Internet telah mempengaruhi pola hidup
manusia atau masyarakat, ternyata ada masalah serius yang dihadapi oleh
masyarakat berkenaan dengan maraknya Internet. Masalah itu adalah masalah
hukum. Perkembangan yang pesat dalam pemanfaatan jasa internet tersebut
ternyata menimbulkan dampak negatif lain, ialah dalam bentuk perbuatan
kejahatan dari pelanggaran, yang kemudian muncul istilah cybercrime, yang merupakan perkembangan lebih lanjut dari computercrime. Dalam menjelaskan
tantangan perkembangan cyberlaw ,
Rene L. Pattiradjawane menyebutkan konsep hukum cyberspace, cyberlaw, dan cyberline
yang dapat menciptakan komunitas pengguna jaringan internet yang luas (60
juta), yang melibatkan 160 negara menimbulkan kegusaran para praktisi hukum
untuk menciptakan pengamanan melalui regulasi, khususnya perlindungan terhadap
milik pribadi.[1]
Anak muda dan para remaja sebagian besar memiliki dan atau dapat
menggunakan komputer. Hal ini tidak terkecuali pula dengan Indonesia. Di
Amerika Serikat terdapat 80 juta orang dewasa dan 10 juta anak-anak yang mampu
mengakses internet. Keadaan ini tentu saja telah memarakkan terjadinya
kejahatan komputer.[2]
Sutan Remy Syahdeini berpendapat bahwa oleh karena interaksi dan perbuatan-perbuatan
hukum yang terjadi melalui atau di dunia virtual adalah sesungguhnya interaksi
antara sesama manusia dari dunia nyata, dan apabila terjadi pelanggaran hak
atas perbuatan hukum melalui atau di dunia virtual itu adalah perbuatan hukum
yang dilakukan oleh manusia dari dunia nyata dan hak yang dilanggar adalah hak
dari manusia dari dunia nyata, maka hukum yang berlaku dan harus diterapkan
adalah hukum dari dunia nyata bukan sama sekali tidak dapat digunakan. Namun karena peristiwanya
berlangsung di atau melalui dunia virtual, maka tentulah tidak sepenuhnya hukum
yang berlaku bagi dunia nyata dapat digunakan. Dengan demikian,
bagi peristiwa-peristiwa dan perbuatan-perbuatan yang berdampak terhadap
sistem komputer memerlukan pula hukum khusus. Hukum khusus tersebut dikenal sebagai cyber law .[3]

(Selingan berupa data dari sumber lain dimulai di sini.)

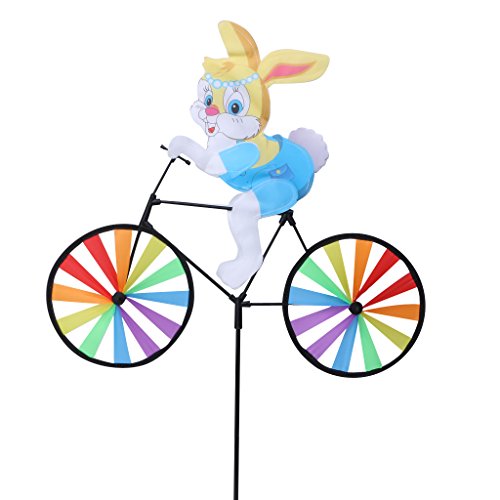 Jigang Colorful Windmills Pinwheels Cute 3D Animal on Bike Windmill Child Outdoor Toy Gift Garden Tools Yard Decor for Children to Assemble (1 Pc) (Rabbit)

Teknologi dalam hal ini teknologi informasi internet adalah bagaikan
monster yang tidak pernah akan berhenti dan menjadi semakin besar begitu ia
dilahirkan di dunia.[4] Internet menciptakan berbagai peluang
baru dalam kehidupan masyarakat ketika dilahirkan, seperti monster, internet
juga sekaligus menciptakan peluang-peluang baru bagi kejahatan. Di dunia virtual orang melakukan berbagai
perbuatan jahat (kejahatan) yang justru tidak dapat dilakukan di dunia nyata.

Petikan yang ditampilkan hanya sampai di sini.